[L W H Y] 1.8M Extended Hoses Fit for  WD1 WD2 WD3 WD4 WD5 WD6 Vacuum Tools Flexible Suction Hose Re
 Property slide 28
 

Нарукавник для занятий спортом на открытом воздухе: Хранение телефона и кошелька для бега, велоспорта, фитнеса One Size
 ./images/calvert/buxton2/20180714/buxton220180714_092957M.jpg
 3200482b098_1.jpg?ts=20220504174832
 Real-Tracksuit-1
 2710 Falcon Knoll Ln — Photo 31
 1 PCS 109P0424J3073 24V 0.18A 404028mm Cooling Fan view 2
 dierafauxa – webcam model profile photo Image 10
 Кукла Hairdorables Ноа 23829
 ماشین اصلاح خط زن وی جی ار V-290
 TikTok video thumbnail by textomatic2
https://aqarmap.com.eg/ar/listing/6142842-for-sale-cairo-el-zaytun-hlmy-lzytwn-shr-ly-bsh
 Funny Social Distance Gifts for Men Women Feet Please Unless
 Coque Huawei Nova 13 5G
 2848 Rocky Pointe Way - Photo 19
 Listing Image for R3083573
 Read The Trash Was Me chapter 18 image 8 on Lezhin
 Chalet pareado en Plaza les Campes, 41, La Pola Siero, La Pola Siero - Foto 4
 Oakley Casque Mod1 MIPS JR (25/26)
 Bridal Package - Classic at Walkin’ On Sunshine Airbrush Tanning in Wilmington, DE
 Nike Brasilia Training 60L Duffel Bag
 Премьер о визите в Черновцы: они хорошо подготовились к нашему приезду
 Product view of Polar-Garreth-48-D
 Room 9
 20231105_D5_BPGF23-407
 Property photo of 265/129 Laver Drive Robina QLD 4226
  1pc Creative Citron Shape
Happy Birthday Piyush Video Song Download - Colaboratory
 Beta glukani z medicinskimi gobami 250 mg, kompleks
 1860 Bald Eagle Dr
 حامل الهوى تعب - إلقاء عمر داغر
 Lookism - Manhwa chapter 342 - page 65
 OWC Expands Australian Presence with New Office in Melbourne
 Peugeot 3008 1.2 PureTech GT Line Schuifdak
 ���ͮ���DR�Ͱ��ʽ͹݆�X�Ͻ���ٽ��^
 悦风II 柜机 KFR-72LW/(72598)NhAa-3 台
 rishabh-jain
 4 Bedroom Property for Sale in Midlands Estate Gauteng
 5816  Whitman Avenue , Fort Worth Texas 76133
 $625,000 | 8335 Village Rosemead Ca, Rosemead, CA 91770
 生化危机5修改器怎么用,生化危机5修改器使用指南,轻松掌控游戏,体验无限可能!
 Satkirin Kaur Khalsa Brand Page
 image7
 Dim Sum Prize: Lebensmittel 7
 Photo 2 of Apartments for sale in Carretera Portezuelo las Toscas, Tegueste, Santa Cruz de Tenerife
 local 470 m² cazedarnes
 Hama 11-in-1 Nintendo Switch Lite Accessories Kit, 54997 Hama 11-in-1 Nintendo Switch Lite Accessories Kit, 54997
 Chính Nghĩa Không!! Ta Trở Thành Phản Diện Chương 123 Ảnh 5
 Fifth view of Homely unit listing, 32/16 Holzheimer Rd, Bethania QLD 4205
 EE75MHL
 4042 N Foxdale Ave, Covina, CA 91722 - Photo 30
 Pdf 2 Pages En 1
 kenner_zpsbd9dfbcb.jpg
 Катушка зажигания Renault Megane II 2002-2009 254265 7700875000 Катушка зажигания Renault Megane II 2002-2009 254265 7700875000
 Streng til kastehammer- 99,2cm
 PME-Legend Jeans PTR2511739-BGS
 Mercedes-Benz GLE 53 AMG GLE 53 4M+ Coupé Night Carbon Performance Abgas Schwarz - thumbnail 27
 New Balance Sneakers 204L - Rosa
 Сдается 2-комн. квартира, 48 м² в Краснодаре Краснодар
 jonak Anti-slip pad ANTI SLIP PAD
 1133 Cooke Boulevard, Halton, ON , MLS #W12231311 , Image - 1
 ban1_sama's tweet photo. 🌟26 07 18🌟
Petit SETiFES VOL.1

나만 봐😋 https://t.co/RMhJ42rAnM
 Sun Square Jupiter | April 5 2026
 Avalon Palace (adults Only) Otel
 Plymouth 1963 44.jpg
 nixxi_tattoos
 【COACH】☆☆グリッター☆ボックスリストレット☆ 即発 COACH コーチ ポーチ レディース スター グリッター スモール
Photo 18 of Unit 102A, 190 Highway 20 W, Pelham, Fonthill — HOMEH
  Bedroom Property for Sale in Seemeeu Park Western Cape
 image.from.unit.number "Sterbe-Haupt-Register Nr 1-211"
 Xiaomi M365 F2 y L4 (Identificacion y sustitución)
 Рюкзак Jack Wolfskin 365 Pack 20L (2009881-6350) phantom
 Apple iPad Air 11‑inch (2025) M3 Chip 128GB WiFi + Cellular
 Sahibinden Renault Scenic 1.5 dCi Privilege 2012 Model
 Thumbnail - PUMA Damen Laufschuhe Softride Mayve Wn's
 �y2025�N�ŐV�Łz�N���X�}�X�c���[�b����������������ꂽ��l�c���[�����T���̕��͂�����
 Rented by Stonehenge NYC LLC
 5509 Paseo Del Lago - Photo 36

> Action item:
The lines to set down, exactly and with both ends included, run from the one containing "Thumbnail - PUMA" to the last line of the data above.

> Exercise response:
 Thumbnail - PUMA Damen Laufschuhe Softride Mayve Wn's
 �y2025�N�ŐV�Łz�N���X�}�X�c���[�b����������������ꂽ��l�c���[�����T���̕��͂�����
 Rented by Stonehenge NYC LLC
 5509 Paseo Del Lago - Photo 36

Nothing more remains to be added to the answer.